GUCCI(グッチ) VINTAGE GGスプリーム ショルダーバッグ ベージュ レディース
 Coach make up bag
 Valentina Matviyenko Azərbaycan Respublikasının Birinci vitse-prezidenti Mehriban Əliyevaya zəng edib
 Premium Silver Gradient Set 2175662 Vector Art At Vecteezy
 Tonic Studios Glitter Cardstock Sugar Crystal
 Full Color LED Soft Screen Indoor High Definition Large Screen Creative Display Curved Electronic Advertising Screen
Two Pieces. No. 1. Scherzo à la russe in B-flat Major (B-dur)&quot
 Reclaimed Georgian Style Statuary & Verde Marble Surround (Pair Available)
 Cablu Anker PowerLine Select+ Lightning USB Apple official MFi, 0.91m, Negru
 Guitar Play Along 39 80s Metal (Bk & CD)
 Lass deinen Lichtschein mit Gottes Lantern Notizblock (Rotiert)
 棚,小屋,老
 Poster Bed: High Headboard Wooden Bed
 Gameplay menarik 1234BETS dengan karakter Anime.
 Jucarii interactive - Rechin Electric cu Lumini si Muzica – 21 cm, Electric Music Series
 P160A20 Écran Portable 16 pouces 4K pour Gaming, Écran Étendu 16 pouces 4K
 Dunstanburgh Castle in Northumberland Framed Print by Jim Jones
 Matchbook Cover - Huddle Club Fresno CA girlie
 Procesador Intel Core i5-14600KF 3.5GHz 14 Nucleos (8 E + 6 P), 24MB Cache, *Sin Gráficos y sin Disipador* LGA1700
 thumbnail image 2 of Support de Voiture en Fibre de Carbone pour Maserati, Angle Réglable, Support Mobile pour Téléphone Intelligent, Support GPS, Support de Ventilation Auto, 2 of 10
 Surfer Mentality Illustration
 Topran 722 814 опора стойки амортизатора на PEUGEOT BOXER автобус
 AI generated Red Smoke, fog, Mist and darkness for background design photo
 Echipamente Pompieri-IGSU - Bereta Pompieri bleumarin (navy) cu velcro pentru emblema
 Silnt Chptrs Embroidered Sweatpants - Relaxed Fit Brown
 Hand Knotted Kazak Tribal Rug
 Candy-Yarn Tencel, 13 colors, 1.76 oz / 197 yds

-*-*-

• EXERCISE REQUIREMENTS:
Whenever a line includes the word "High", pull it out of the entries.

• TASK OUTPUT:
 Full Color LED Soft Screen Indoor High Definition Large Screen Creative Display Curved Electronic Advertising Screen
 Poster Bed: High Headboard Wooden Bed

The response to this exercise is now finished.